» Problem statement:
All of the data below is to be repeated exactly, except for the pictures.

» Records for the task:
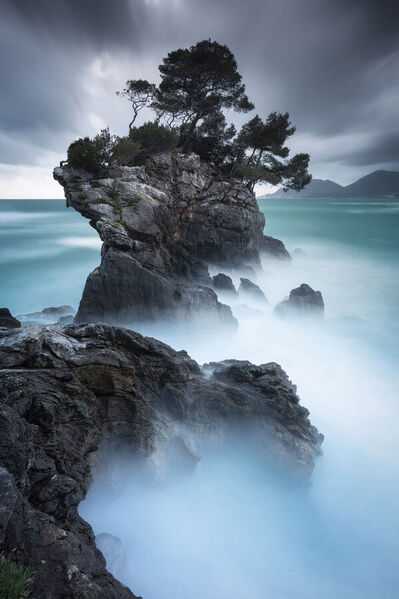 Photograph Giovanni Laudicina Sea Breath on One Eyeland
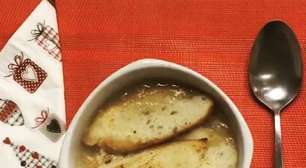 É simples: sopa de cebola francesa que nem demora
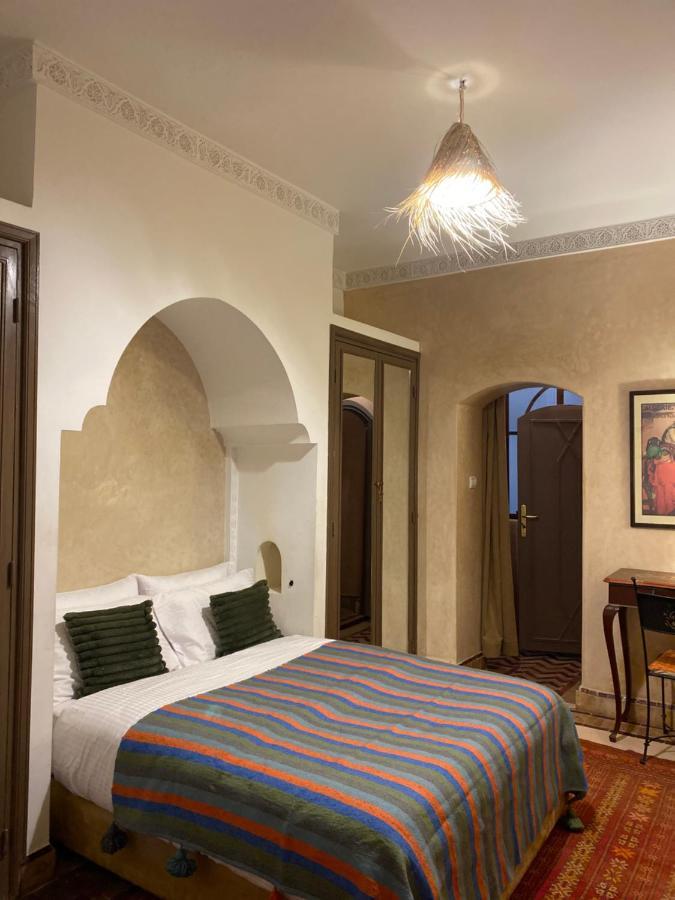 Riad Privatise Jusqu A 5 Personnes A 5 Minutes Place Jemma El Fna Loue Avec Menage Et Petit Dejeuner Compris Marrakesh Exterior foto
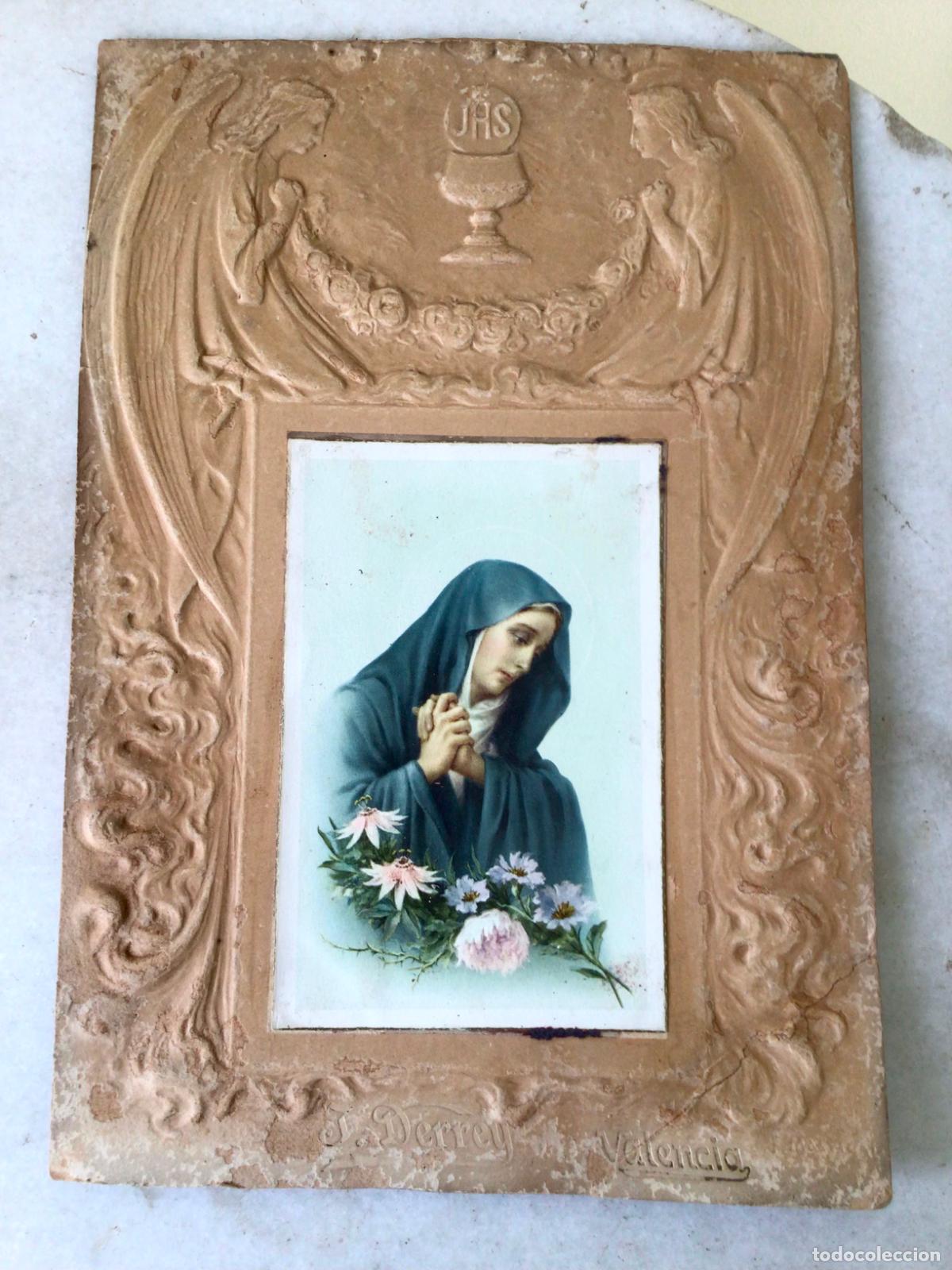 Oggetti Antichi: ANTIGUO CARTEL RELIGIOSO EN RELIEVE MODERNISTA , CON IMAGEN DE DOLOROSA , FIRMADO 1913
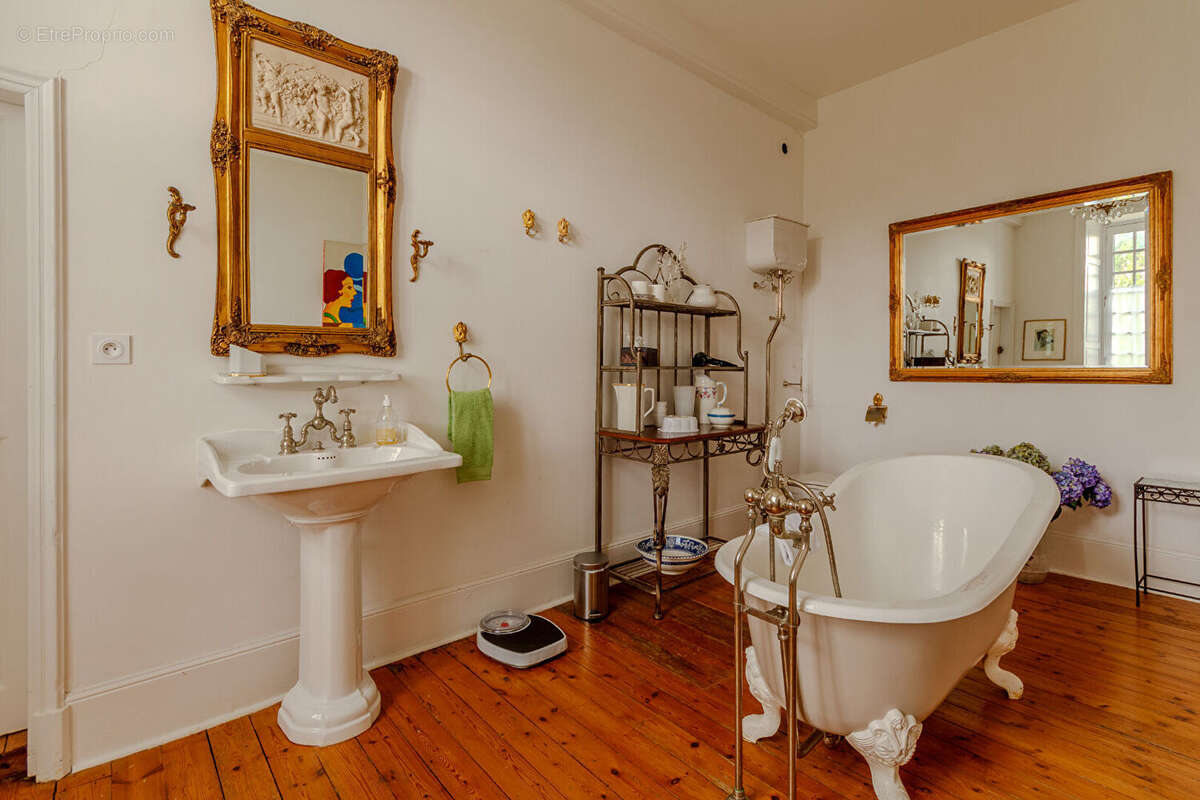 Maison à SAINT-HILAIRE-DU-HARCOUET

» Answer for this exercise:
 Photograph Giovanni Laudicina Sea Breath on One Eyeland
 É simples: sopa de cebola francesa que nem demora
 Riad Privatise Jusqu A 5 Personnes A 5 Minutes Place Jemma El Fna Loue Avec Menage Et Petit Dejeuner Compris Marrakesh Exterior foto
 Oggetti Antichi: ANTIGUO CARTEL RELIGIOSO EN RELIEVE MODERNISTA , CON IMAGEN DE DOLOROSA , FIRMADO 1913
 Maison à SAINT-HILAIRE-DU-HARCOUET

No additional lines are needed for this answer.